Büşra’ya “hayırdır” dedim tabii.
Murat Boz’la başrolü paylaştığı “Hadi İnşallah”ın Azerbaycan galasına gidiyormuş.
Murat da ertesi gün gelecekmiş Bakü’ye.
Artık sadece şarkıcılar turneye çıkmıyor.
Filmlerle birlikte yönetmen ve oyuncular da şehir şehir, ülke ülke geziyorlar.
Bunu en iyi yapan ekiplerden biri de “Çakallarla Dans”çılar.

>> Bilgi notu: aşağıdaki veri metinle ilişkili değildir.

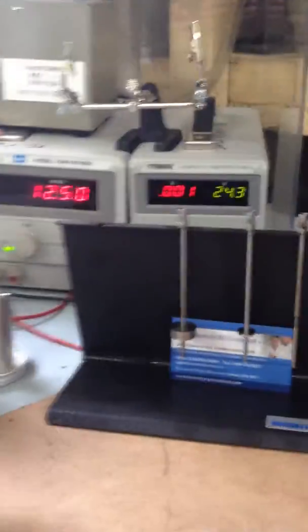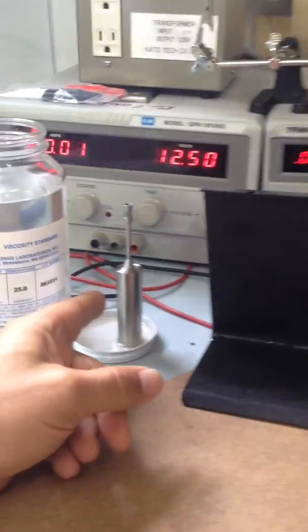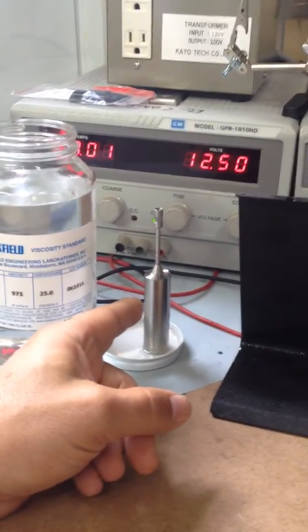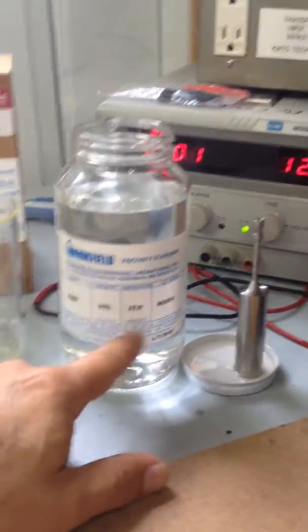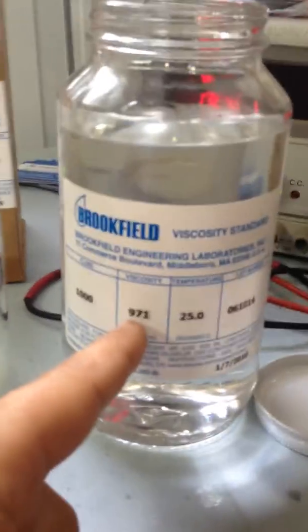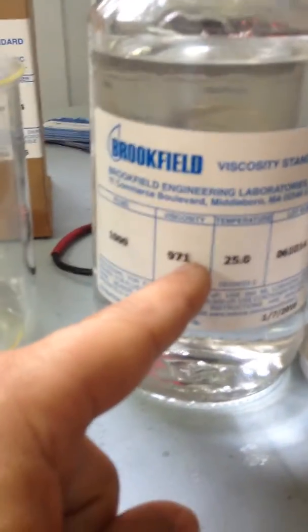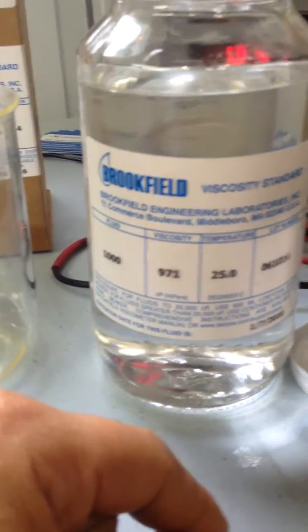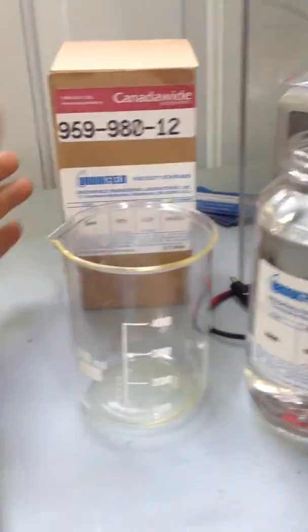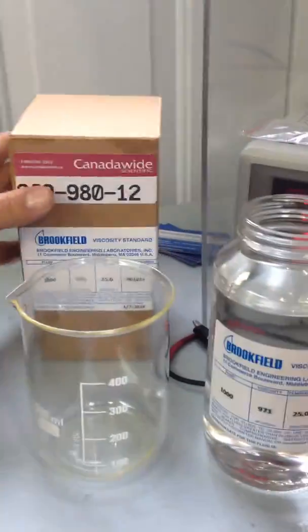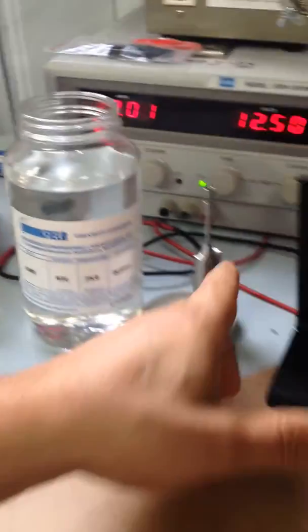In this case there's different spindles that can go. The setup that we have chosen for you is pedal number one. We're going to be using this one with a viscosity standard at 971, which is the centipoise.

Geçenlerde serinin yönetmeni Murat Şeker’e rastladım, yollardan gelmiş, yine gidiyordu; “Filme ilgi o kadar büyük ki resmen rock grubu gibi turneye çıktık. Ankara, İzmir, Berlin, Adana, Mersin, Bursa, Antalya ve Kıbrıs gibi bir rota çizdik. Yola devam, ayrıca Ege Üniversitesi, Bahçeşehir Üniversitesi, ODTÜ, Balıkesir Üniversitesi ve Kıbrıs Yakın Doğu Üniversitesi’nde paneller ve söyleşiler yapacağız. Kısacası çalışıyoruz ve seyircimizle interaktif bir ilişkimiz var. Yoruluyoruz ama mutluyuz” dedi.
Anlayacağınız sinemada oyna, çek, montajla, vizyona sok yöntemi bitti, artık vizyon sonrasının da çok koşturması var.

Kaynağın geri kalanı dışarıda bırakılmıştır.